To the far right is a details button for each file. Select this to view more information for this specific file. Depending on the file, it can include command line help along with resources such as icons, cursors, strings and dialog titles.

For 64-bit OS installations, the 32-bit versions of system files are under the \Windows\SysWOW64 directory, while 64-bit applications appear under the \Windows\System32 directory. To make it more confusing when the 32-bit system file runs it will think it's running from the \Windows\System32 directory! We only show the actual file locations.

Security - Our analysis of the safety of each file. We only test with systems that are Virus-free and Malware free, so do not expect to find problem files.

In some cases a file with the same filename is placed in another directory for nefarious purposes. We've connected data from Paul Collin's excellent startup list to give you a simple risk assessment of the specific filename and to dig deeper if you wish. The counts shown are the number of different reports for each category of startup for this filename.

Requires - This section shows required files needed to when this program runs. Keep in mind that these references may in turn require additional files, and it is possible the program requires other files not listed.

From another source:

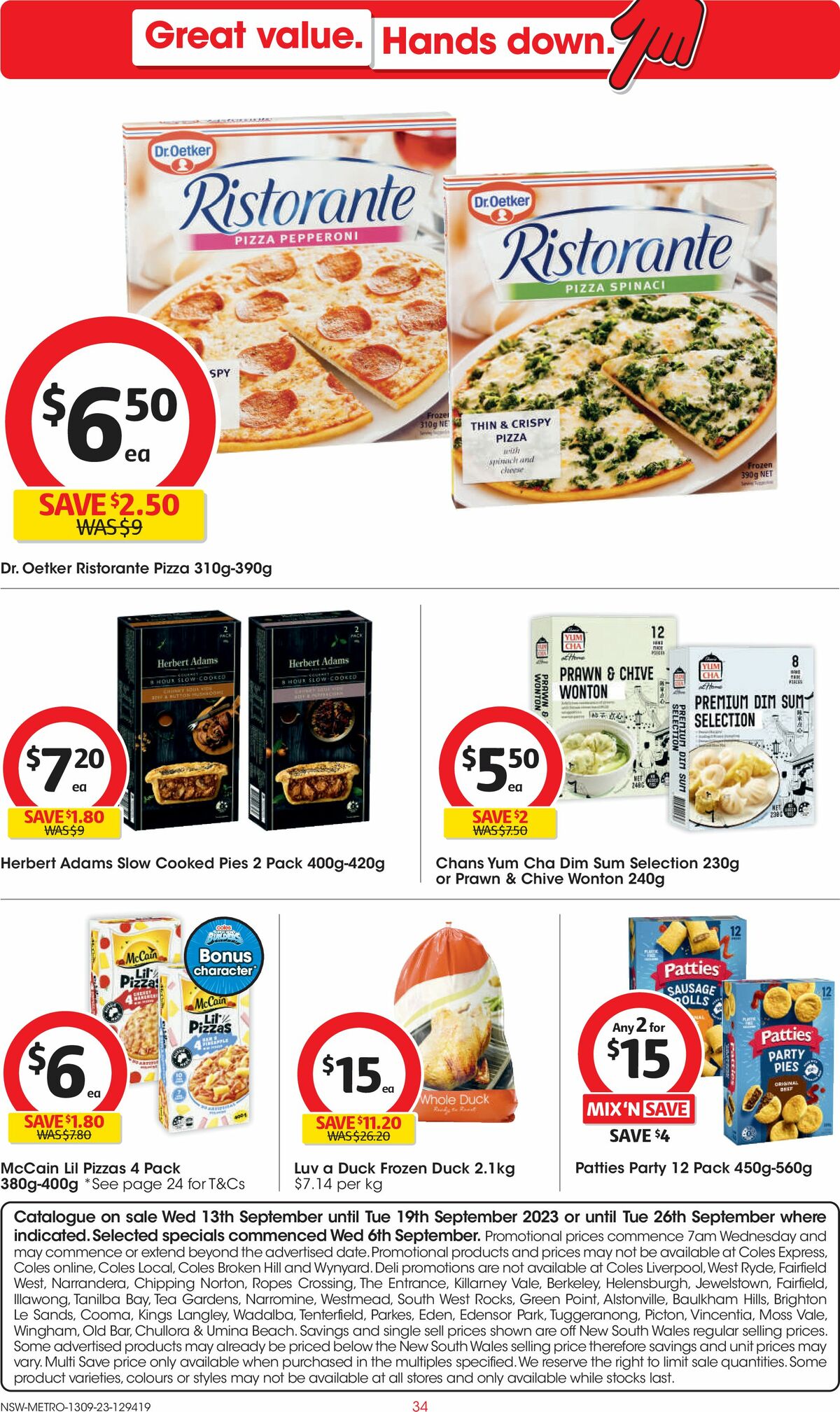 Coles Catalogues from 13 September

If there are no required files, this section will not appear.

Since the Analysis report handles multiple versions of the same file, we've marked any required files with an asterisk "*" when the file is not required in every version.

Additional Analysis - It may include the language it was written in, the type of file encountered and a count of programs we've identified that use this file.

Vendor Summary
- Here are the basic contact information for the vendor. In many cases the publisher information within the file is missing or wrong, in which case the FaultWire team has located the actual vendor. Click on the Vendors name for expanded information on this vendor.

Research This File - We've built an immediate search for this file. For this section, you can select different tabs to check results for the entire web, or narrow your search to Microsoft's site. You can also search Blogs, which may have a different view on the issue.

  Windows Installations Tested  

For each major OS version, we use the most complete variant available. For XP, this is the Professional variant. For Windows Vista and Windows 7, we use Ultimate. While doing this should include the files from all of the other variants, it is possible a sub-variant includes a different version of a file with features removed or a file not in the Professional/Ultimate variant.

Within each Major version, we also analyze every major sub-release starting with the original RTM, and each service pack made available. The analysis is performed without any updates applied. This is the installation you would get if there was no internet connection. For the last released service pack in every major version, we also perform a separate analysis after downloading and installing all of the latest updates. We typically re-run the update and analysis every 6 months.

For each Windows Update run, we skip installing new major versions of Internet Explorer and Windows Media Center to show the latest updates to these older versions. Otherwise we select all recommended and optional updates.